The world is a troubled place where this morning alone, a brief glance at the BBC news homepage and Twitter are enough to send anyone into a spiral of sadness, fury and impotence.

Reading Italo Calvino's Six Memos for the Next Millennium I was struck by his description of feeling oppressed by the weight of the world and his belief that only by writing about it was he able to escape this feeling.

'At certain moments I felt that the entire world was turning into stone; a slow petrification…it was as if no one could escape the inexorable stare of the Medusa. The only hero able to cut off the Medusa’s head is Perseus, who does not turn his gaze upon the Gorgon but only upon her image reflected in his bronze shield… I am immediately tempted to see this myth as an allegory on the poet’s relationship with the world.'

I am fortunate in that I have never been clinically depressed. I have always been able to hold down a job, sleep, care for my children and so on. Clinical depression on the other hand is often likened to being lost in a dank, bitter fog where nothing gives either pleasure or pain. The writer cannot take pleasure in writing, the reader in reading, the gourmand in food, the mother in her child. The oppressive weight of the world becomes too much to bear.
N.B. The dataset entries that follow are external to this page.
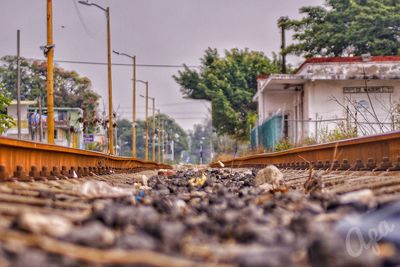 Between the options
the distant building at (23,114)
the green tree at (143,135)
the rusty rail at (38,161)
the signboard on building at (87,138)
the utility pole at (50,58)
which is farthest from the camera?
the green tree at (143,135)

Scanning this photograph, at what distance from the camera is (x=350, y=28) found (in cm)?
4128

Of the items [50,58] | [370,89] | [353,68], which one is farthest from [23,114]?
[50,58]

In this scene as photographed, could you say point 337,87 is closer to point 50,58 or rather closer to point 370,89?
point 370,89

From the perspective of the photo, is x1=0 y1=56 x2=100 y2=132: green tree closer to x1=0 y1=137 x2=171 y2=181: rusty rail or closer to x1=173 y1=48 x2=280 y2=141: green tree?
x1=173 y1=48 x2=280 y2=141: green tree

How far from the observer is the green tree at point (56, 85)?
75.1m

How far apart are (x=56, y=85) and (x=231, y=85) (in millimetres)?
29387

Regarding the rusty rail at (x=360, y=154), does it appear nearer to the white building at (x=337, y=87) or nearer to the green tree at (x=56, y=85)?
the white building at (x=337, y=87)

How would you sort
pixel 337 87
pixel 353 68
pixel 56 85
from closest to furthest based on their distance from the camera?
pixel 353 68, pixel 337 87, pixel 56 85

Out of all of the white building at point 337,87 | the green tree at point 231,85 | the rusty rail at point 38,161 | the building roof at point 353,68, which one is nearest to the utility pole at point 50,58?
the rusty rail at point 38,161

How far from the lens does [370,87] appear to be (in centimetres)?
2670

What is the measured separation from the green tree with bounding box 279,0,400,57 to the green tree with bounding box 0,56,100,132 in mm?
34537

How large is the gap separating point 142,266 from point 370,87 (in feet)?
86.1

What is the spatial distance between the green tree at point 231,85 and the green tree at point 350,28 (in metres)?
12.8

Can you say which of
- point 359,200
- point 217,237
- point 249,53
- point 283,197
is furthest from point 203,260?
point 249,53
William Styron wrote about this in Darkness Visible which opens with the memorable passage:



'In Paris on a chilly evening late in October of 1985 I first became fully aware that the struggle with the disorder  in my mind–a disorder which had engaged me for several months–might have a fatal outcome. The moment of revelation came as the car in which I was riding moved down a rain-slicked street not far from the Champs-Elysees and slid past a dully glowing red neon sign that read HOTEL WASHINGTON.





My particular foggy January blues are dealt with easily, reading a good novel, a successful bit of writing, a brisk walk or baking a cake soon see them off.

Clinical depression however requires patience, understanding and most importantly, treatment. This may involve  medication, counselling, cognitive behavioural therapy and sometimes admission to a safe environment. I hope that writers talking about this common and difficult condition make seeking help easier for sufferers.